[Goal of the exercise]: If a line in the data holds the string "Cloud", list it.

[Data to examine]:
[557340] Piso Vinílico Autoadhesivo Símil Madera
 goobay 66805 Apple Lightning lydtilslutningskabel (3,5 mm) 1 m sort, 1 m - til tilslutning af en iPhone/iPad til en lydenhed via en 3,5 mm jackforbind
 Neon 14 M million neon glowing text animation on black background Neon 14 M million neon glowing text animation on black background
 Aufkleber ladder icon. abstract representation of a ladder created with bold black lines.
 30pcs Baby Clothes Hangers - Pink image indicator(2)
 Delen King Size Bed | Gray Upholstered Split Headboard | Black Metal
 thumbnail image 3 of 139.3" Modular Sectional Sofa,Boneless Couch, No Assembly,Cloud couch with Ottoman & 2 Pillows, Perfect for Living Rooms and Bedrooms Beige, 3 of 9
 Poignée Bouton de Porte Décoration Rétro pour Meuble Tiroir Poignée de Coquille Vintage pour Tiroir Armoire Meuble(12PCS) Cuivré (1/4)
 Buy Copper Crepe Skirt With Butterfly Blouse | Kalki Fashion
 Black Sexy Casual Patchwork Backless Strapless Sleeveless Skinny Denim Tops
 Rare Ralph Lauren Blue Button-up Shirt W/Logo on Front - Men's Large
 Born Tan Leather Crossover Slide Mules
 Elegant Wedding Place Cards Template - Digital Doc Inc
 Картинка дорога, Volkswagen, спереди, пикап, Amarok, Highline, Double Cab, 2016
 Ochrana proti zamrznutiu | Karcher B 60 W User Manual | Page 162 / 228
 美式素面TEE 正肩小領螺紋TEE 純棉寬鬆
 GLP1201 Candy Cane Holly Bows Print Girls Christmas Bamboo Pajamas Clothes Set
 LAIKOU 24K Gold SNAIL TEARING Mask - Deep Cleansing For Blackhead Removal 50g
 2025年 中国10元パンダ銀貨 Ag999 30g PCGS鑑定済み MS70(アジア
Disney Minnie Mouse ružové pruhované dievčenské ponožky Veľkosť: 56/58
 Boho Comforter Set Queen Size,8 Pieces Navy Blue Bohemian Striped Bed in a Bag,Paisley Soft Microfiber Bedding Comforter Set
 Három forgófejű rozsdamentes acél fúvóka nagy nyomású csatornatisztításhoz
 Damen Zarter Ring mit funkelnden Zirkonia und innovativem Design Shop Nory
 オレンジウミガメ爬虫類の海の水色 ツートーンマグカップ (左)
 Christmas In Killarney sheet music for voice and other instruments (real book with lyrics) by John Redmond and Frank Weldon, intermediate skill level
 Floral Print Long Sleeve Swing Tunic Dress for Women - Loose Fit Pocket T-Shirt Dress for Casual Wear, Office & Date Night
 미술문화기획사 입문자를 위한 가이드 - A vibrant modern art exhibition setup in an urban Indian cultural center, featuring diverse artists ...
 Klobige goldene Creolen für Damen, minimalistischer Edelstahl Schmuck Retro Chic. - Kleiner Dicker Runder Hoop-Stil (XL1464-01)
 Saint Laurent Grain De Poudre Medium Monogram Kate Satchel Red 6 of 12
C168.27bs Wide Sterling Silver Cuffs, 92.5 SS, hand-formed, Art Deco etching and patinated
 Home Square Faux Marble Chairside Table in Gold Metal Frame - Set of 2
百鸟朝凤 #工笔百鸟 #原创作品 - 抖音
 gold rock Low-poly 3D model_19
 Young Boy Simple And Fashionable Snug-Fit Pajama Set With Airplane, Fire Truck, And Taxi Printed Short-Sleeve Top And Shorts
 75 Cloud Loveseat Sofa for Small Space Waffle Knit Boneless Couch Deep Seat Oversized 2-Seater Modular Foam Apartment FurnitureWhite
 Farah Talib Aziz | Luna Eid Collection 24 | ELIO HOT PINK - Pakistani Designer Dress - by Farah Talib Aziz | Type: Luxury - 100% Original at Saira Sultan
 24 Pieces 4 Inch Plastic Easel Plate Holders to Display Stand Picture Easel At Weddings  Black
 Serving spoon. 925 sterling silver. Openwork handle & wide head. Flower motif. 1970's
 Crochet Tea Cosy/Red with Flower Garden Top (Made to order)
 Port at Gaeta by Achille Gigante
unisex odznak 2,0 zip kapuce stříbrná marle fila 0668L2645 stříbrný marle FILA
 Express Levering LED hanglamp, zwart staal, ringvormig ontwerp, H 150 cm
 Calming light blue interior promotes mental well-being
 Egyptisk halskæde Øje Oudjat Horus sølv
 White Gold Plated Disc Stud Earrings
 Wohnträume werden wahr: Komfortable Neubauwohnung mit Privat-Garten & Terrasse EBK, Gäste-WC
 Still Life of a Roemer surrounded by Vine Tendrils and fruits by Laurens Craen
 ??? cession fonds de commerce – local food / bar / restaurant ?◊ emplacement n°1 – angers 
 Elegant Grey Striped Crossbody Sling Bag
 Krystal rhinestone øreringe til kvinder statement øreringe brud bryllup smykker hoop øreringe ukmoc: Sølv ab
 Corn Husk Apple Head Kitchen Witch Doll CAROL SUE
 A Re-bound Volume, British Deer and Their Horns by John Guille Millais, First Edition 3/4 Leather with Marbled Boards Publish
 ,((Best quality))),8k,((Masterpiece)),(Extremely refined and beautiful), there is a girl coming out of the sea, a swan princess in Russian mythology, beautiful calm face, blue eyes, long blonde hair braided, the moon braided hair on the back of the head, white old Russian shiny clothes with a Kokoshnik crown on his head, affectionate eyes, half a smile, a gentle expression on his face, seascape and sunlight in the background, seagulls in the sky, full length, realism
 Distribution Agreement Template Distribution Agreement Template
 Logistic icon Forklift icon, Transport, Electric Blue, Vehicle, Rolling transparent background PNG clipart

[Response below]:
 thumbnail image 3 of 139.3" Modular Sectional Sofa,Boneless Couch, No Assembly,Cloud couch with Ottoman & 2 Pillows, Perfect for Living Rooms and Bedrooms Beige, 3 of 9
 75 Cloud Loveseat Sofa for Small Space Waffle Knit Boneless Couch Deep Seat Oversized 2-Seater Modular Foam Apartment FurnitureWhite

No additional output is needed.